··· Information provided

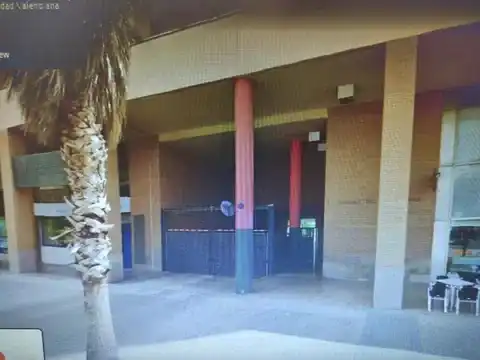 Außenansicht von Garage zur Miete in Valencia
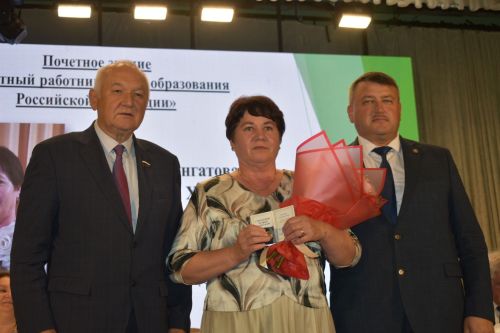 На августовской конференции в Кайбицах наградили отличившихся педагогов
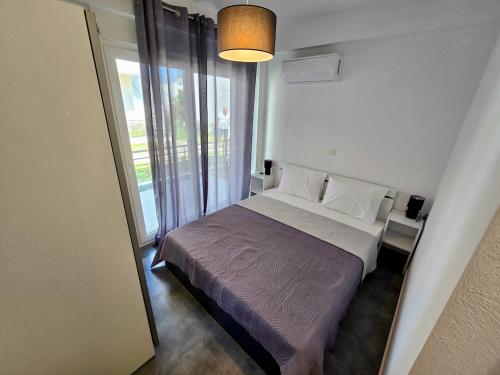 a bedroom with a bed and a large window at Elenidanaib in Ofrínion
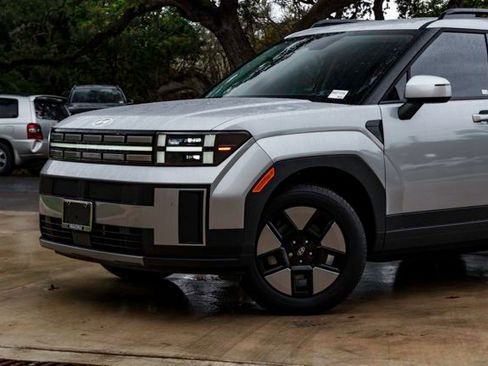 Used 2025 Hyundai Santa Fe SEL image 3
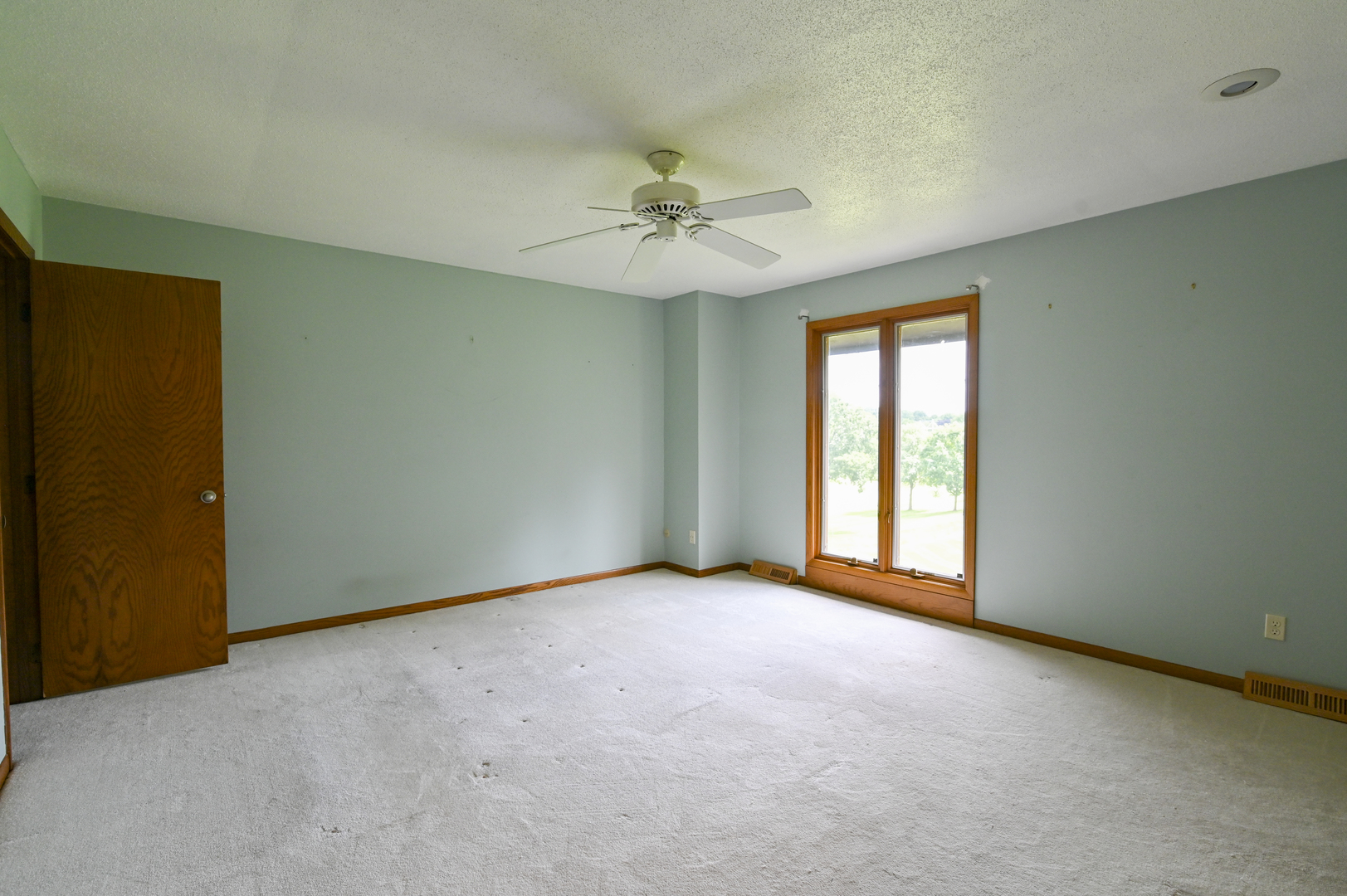 6401 Utica Ridge Road 28 Property Photo 13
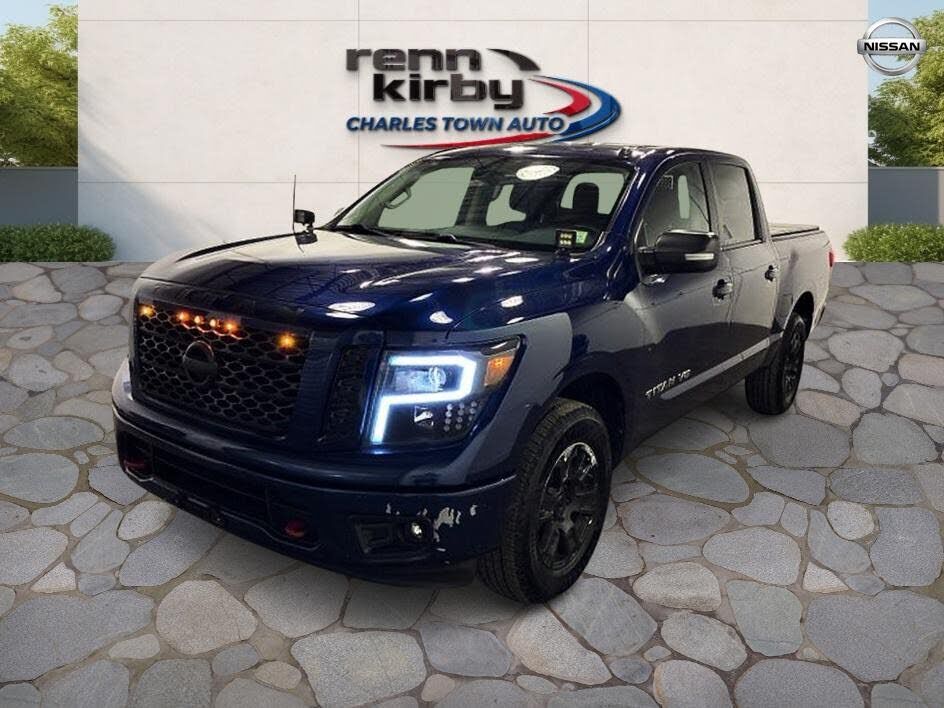2019 NISSAN Titan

······

— Instructions for the task —
Starting with the line that holds "Used 2025 Hyundai Santa Fe SEL image 3", return each line exactly through the final line of the entries above; pictures are not part of the output.

— Answer to this exercise —
 Used 2025 Hyundai Santa Fe SEL image 3
 6401 Utica Ridge Road 28 Property Photo 13
2019 NISSAN Titan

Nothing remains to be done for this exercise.